Ведь не зря Достоевский выбран русским средним классом на роль «пророка» прежде всего как автор памфлета «Бесы», в котором он раздувал до космических масштабов проблему революционного заговорщичества, без которой ему не обосновать бы своих радикально-консервативных идей. Без Шигалёва не нужен был бы Шатов.

Собственно, реальная революция средний класс страшит. Желание его в том, чтобы и высшие классы не почивали на лаврах. Эта схема напоминает отношение офицеров к военной угрозе. «Военные редко приветствуют войну. Они всегда говорят, что угроза войны требует наращивания вооружений, но крайне редко утверждают, что рост вооружения делает войну возможной или желаемой. Они всегда приветствуют приготовления к войне, но никогда не скажут, что они к ней готовы», –        заметил С. Хантингтон (Huntington S. P. The soldier and the state: the theory and politics civil-military relations. Cambridge, 1981., цит. по Э. Гидденс, Социология). Средний класс питается неуверенностью высших классов и сам пропитан страхом. От страха он может проявлять истерическую агрессивность, которую склонен считать смелостью, он иногда позволяет себе даже «революционность» (как японский служащий – еженедельную расслабляющую пьянку). Он самая благодатная среда для развития фашизма как в XX, так и в XXI столетии. «Средний класс был в панике, он был преисполнен стремлением подчиниться обнадеживающей силе и в то же время встать над кем-то бессильным и бесправным. Эти чувства были использованы другим классом для установления режима, который должен был действовать в его собственных интересах <…> «Революция» Гитлера – как и «революция» Муссолини – происходила под защитой реально существовавшей власти, а их излюбленными противниками были те, кто не мог за себя постоять» (Э. Фромм. Психология нацизма. – Курсив наш).

Средствами как художественного, так и публицистического слова это неспокойное, провокаторское существо среднеклассового человека изъяснил всё тот же Достоевский. Сам он – отнюдь не парит над схваткой. Если бы все его творческие разыскания свелись к показу двоящихся умов и раздираемых противоречиями душ – не взяли бы его в апостолы «религиозного возрождения». Сколько угодно можно говорить о новаторстве в создании «полифонического романа» (М. Бахтин), о формальных, структурных находках писателя – любили его не за структуру. Неспециалист едва ли сможет оценить красоту устройства произведений Достоевского (как не-энтомолог едва ли найдёт что-нибудь восхитительное в строении кишечника скарабея). Художественная форма его текстов – взъерошенная, сюжет – лихорадочный и хаотичный. Красот природы не наблюдается, человеческие внешности едва очерчены и то одним коротким махом, все события врываются в читательское сознание с середины – без обстоятельной предыстории и отчётливо различимой причинности. Отчасти это объясняется тем, что автор этих текстов не помещик, для души занимающийся литературой, а городской профессионал-ремесленник, у которого нет времени на продумывание и обработку всех деталей. Он – интеллигент, отчасти уже подчиненный капитализмом, включённый в беготню товарного производства. Переверзев в свою очередь полагает, что специфика формы и сюжета прозы Достоевского вполне гармонирует с изображаемыми им типажами в их тусклой и угнетающей городской среде. Итак, не за «красивость» любили читатели эту неудобочитаемую прозу.

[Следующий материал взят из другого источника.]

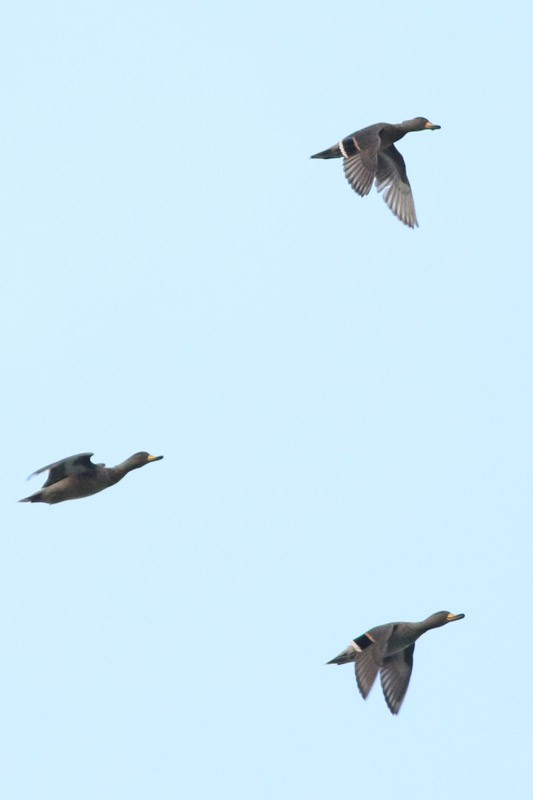 Yellow-billed Teal - ML70471171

Любили: одни – за правду в изображении телесных и душевных страданий «забитых людей» (таковы «первооткрыватели» нового таланта – Белинский, Некрасов, Добролюбов; впоследствии – Луначарский, Переверзев); другие – за набор религиозно-националистических идеек с незамысловатой психологической приправой, сервированный в удобоваримой художественной форме. И хотя писателя не принято смешивать с его литературными героями, всё же его словесное, «логосное тело» нередко оказывается в ближайшем родстве с ними. Достоевский был приверженцем определённого мировоззрения, которое целиком или частями разделяли ряд персонажей его книг. Речи этих персонажей любили цитировать давнишние и недавние интеллектуалы как если бы Разумихин, князь Мышкин, Версилов да Зосима были первоклассными русскими философами. И ведь почти правда! Разумеется, они философы своего – среднего – класса.

Притом сам Достоевский – плоть от плоти среднего класса, пропитан его «воззрениями и настроениями» до корней бороды, и именно потому он оказался способен выразить их с гениальной силой. Достоевский – тот исключительно редкий случай, когда социальное положение писателя как писателя и его деятельность вступили в резонанс. Достоевский – самыймелкобуржуазный писатель России XIX века. Он – чисто городской писатель, у него нет крестьян и нет помещиков (в их «естественной», так сказать, среде, т.е. в их отношениях с крестьянами), нет настоящих капиталистов и нет отчётливых пролетариев. В.Ф. Переверзев неоднократно замечает, что когда в книгах Достоевского вдруг заводится какой-нибудь якобы прирождённый помещик, то он ведёт себя как переодетый в дворянский костюм мещанин – дёргается, мельтешит, закатывает чисто мещанские садо-мазохистские истерики. Капиталист и помещик, конечно, тоже могли по-человечески испытывать страдания, но такие – исключительно редко.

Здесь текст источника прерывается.